Showing posts with label confidence. Show all posts
Showing posts with label confidence. Show all posts

Tuesday, 13 September 2016

Two Years

Two years ago I stole a horse.

The day I brought her home. I need new photos, she looks so different!

Ok, I did pay for her, but I paid so little I might as well have stolen her. Seriously, who sells a rock solid Pre-Training (Novice) packer with plenty of Training miles for less than I paid for my used Amerigo?
Our first show (that resulted in our first cooler)

Two years ago trying to jump an oxer would almost certainly send my anxiety through the roof. I was having panic attacks almost every time I jumped (even if the jumps were under 2'6").

First XC School

I was casually looking for a new partner. I had a pretty short wish list:

1) Jump All the Jumps
2) Preferably no greys
3) Jump ALL the Jumps
4) Everything else is negotiable

All the jumps. even the crazy ones!
Dee checked all the boxes, and some of the ones I didn't even think about (Next time I will make it no greys and no pintos though. I'm so sick of purple shampoo).

Who knew I needed a horse that would let me "pony" my dog?
Or would take me to my first Endurance ride?

Or do a dressage test aside, after only 2 other sidesaddle rides
Or learn silly tricks, just to appease my inner child
Slowly but surely my little, overlooked, rockstar has helped me find my confidence again. We recently went XC schooling and we did the Prelim water line like it was no big deal!

I can check Rebecca Farm off my life list
Oxers (and triple bars) no longer have me quaking in my boots. I know we can successfully jump around a 1.0-1.10m stadium course. Dressage is still a major challenge but I have faith that we can get around any course thrown at us.

Still one of the best moments

I can't find the right words to explain what this horse means to me. All I can really do is leave this reminder: Life is too short to ride a horse you aren't enjoying. Find the one that matches you and the world opens up in ways you wouldn't believe.






She sure doesn't look (or act) 19

Friday, 17 October 2014

Best Pony Goes Trail Riding

Isabel and I hauled out to Blackfoot Grazing Reserve to take the ponies for what was supposed to be a leisurely trail ride.  We started off in the fields and made the ponies walk calmly up and down all the hills.  Dee was game but Martini was pretty sure we should canter or trot.
I love fall rides

We ended up moving a little quicker than we thought, going 15 km in just over 2 hours.  It was the first big trail ride I've taken Dee on because I'm trying to bring her fitness up slowly.  I'm pretty sure she was getting tired (at the very least she should have been) but she was completely game to continue on.  I think she would power on until she dropped from exhaustion.  I never once had to push her, I held her back more than anything.  Turns out my little Saddlebred completely outwalks the 16.1 TB.
Sweaty Pony

The more I ride this horse, the happier I am.  I'm sure we will have rough days because nothing is ever smooth sailing but she's so willing and honest I'm having more fun than I have in a very long time.  We actually hauled to a XC course a few hours away just to get one final schooling in and it was funner than I could have hoped.  Dee and I babysat the greenbean 3 year olds in between schooling.  She jumped everything I pointed her at and then was content to stand with the babies or lead them over tiny logs. Not once was I scared for my life.  I had forgotten what it felt like to not be completely terrified of a XC course and Dee is giving my back my confidence.

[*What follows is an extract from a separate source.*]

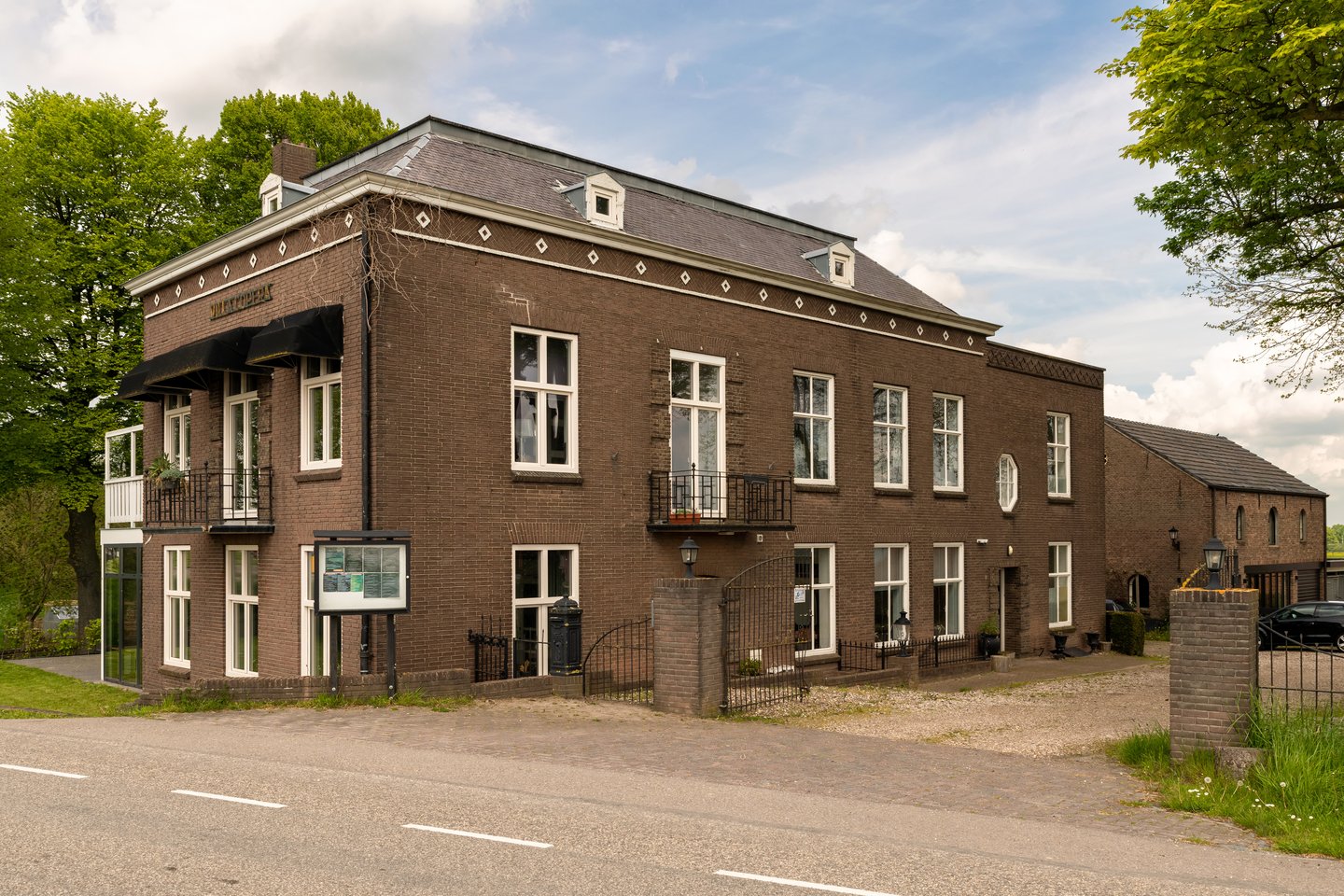 Bekijk foto 3 van Spijksedijk 2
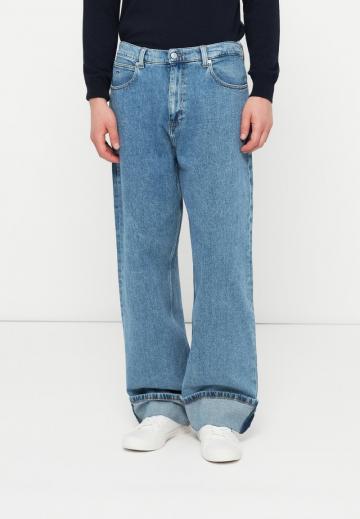 Прямые джинсы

Thursday, 4 September 2014

Tough Decisions

For months now, almost everyone in my life has been after me to sell the mare.  I have felt that I wanted to keep at it.  I kept at it.  I sent her for training. I didn't want to quit, give up or fail.  A conversation with a casual acquaintance changed everything.

Sometimes it goes well
Selling the mare is not giving up.  It's not quitting.  And it sure doesn't make me a failure.  The conversation made me realize one very important truth: I'm too important to get hurt. At this point I don't feel safe jumping the mare, especially on XC.  Even when everything is going great I'm always nervous and slightly terrified.

That may sound narcissistic and egotistical but I truly believe that I need to put my safety first.  I've already suffered one major and life-changing injury due to a fall and another one is in the cards if I keep falling off. If I fall off on XC there is a greater possibility that I will get seriously injured or worse.

The trainer has done a fabulous job with the mare but it comes down to confidence.  Both the mare and I require a partner who can lend us confidence.  This deficit of confidence is contributing to the downward spiral that is our partnership.  It's time for the mare to find a partner who can give her the confidence to succeed and it's time for me to find the same, I think we will both be happier.

If I only wanted to do dressage and trail riding I would keep her in a heartbeat.  I love this horse.  I love riding her, but I want to event and for the two of us, this is not going to happen.

So we decided that I would not bring her home.  She is with the trainer to be sold.  It breaks my heart to sell her because I look at her sale ad and video and think, "I'd buy that horse."

I am confident this is the right decision for both of us but it's still hard and part of me hopes she sells fast so that I can move onto the next chapter.